Although a number of works survive that bear the signature of Arthur Nahl alone, more numerous were his collaborations with Charles. It seems that most of the Nahl brothers’ early collaborative efforts were in portraiture. However, according to a letter from Arthur to his uncle Wilhelm in Germany telling him in 1854 of commissions to paint four panoramas, we conclude that he may also have been a competent landscape painter.
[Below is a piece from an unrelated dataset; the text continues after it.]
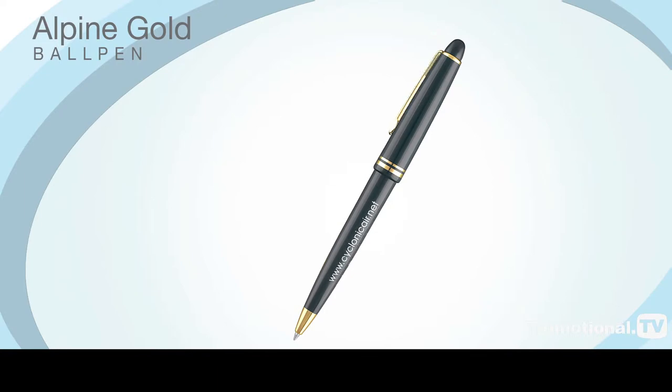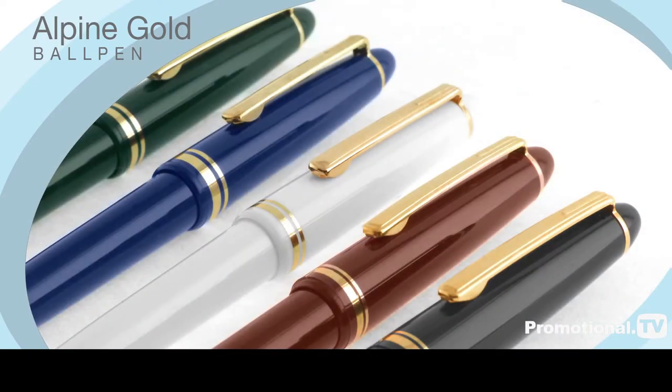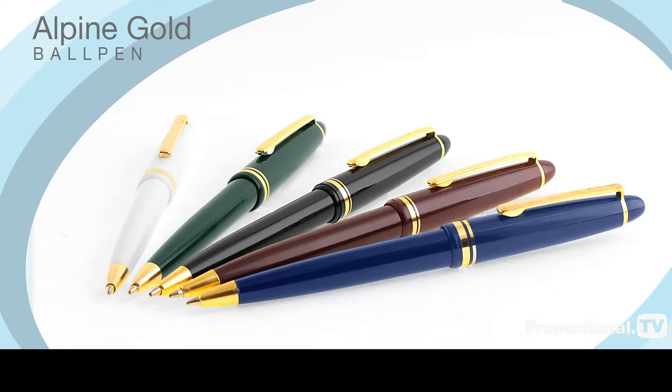With its gilt trim, classical styling and sumptuous colours, the Alpine Gold Ball Pen is eminently suited to conveying an image of traditional values to your target audience. Its appearance belies the relatively low cost of ownership, and consequently it's the most time-honoured promotional pen in our entire range.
One such collaboration was on a scene titled The Camp of a U.S. Coast Geodetic Survey Party (fig. 45), painted in 1858. As part of a geodetic survey of the Pacific Coast, made in 1853 by the United States Department of Commerce, several artists had received commissions to produce images of topographical features for reproduction in government publications. Captain W. E. Greenwell, the man in charge of the survey between San Francisco and San Diego, also commissioned a series of six oil paintings from various artists, including the Nahls and the landscape painter Frederick A. Butman (see fig. 76), depicting the surveyors’ camps in various locations.4 The Nahl brothers’ version, dated 1858, is particularly interesting as a rare example of their treatment of landscape. The camp, in an unspecified location, appears to be set up on an elevated plateau above the view of rolling hills seen below the horizon. The composition, in which most of the pictorial elements are parallel to the framing edges, is a less intricate composition than those used in most of the Nahls’ genre subjects. The near-silhouette shapes of large oak trees, set against a luminous sky painted in gradations of warm yellow light on the left that shifts to clear azure blue on the right, provide the initial visual interest and effectively set a stage for the narrative. Verdant hillsides of spring are just beginning to take on the tawny golden tones of summer in California. The painting’s immediate appeal as a landscape notwithstanding, the little vignettes of figures and animals set among the tents of the surveyors’ campsite transform the work into a genre subject. This is consistent with the Nahls’ preference for narrative content in all of their painting, except some portraits.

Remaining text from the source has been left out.